Some of the attributes are nested attributes, which have several levels of nesting. So, how can one query data in a nested attribute? To achieve this, we flatten the hierarchical data by exploding the nested attribute into separate rows, and associating each row with with simple sub-attributes nested within it or simple attributes outside the nested attribute.

Query your dataset

When you want to associate the exploded data with the sub-attributes of the nested attribute or the simple attributes at the same level as the nested attribute, ensure all these attributes have a single surviving value (single OV) corresponding to each exploded value.

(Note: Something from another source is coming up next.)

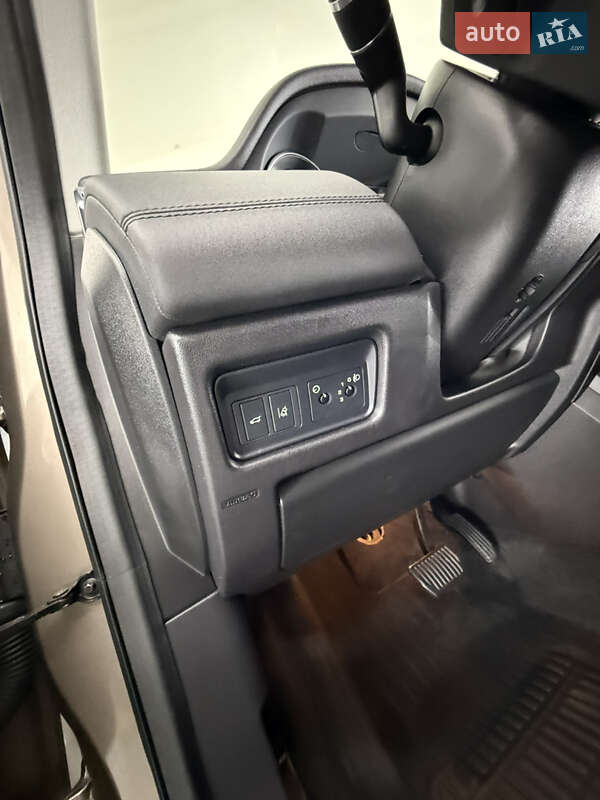 Внедорожник / Кроссовер Land Rover Discovery Sport 2015 в Трускавце фото 58 Внедорожник / Кроссовер Land Rover Discovery Sport 2015 в Трускавце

Queries are easy to use, depending on whether the data sets are written with or without the following properties provided by Reltio's data pipelines:

the value of the isOV filter
- If set to true, all non-operational values are skipped at every level of the hierarchy
- If set to false, non-operational values are included along with the operating values.

the value of the flattenAttribute filter

If set to false, the value of each attribute is written as shown below:

array of
	struct
	{
	   numeric Id,  		            // Unique id for current val of this attribute type
	   boolean isOv,		            // Indicates whether the current value is OV or not

           struct<attrType> value	// If current attribute is a nested attribute.
					                    // Each member of struct<attrType> corresponds
					                    // to each sub-attribute nested within current
					                    // attribute, and is in turn an array of the
					                    // self-same struct {Id, isOv, value} above.
		OR
	  <simpleAttrType> value	// If current attribute is a simple attribute.
	}

If set to true, the value of each attribute is written as a simple array, as shown below

	array of struct<attrType>	// If current attribute is a nested attribute.
					                                // Each member of struct<attrType> corresponds
					                                // to each sub-attribute nested within current
					                                // attribute, and is in turn an array of all
					                                // the values of that sub-attribute directly.
	OR
	array of <simpleAttrType> 	            // if current attribute is a simple attribute.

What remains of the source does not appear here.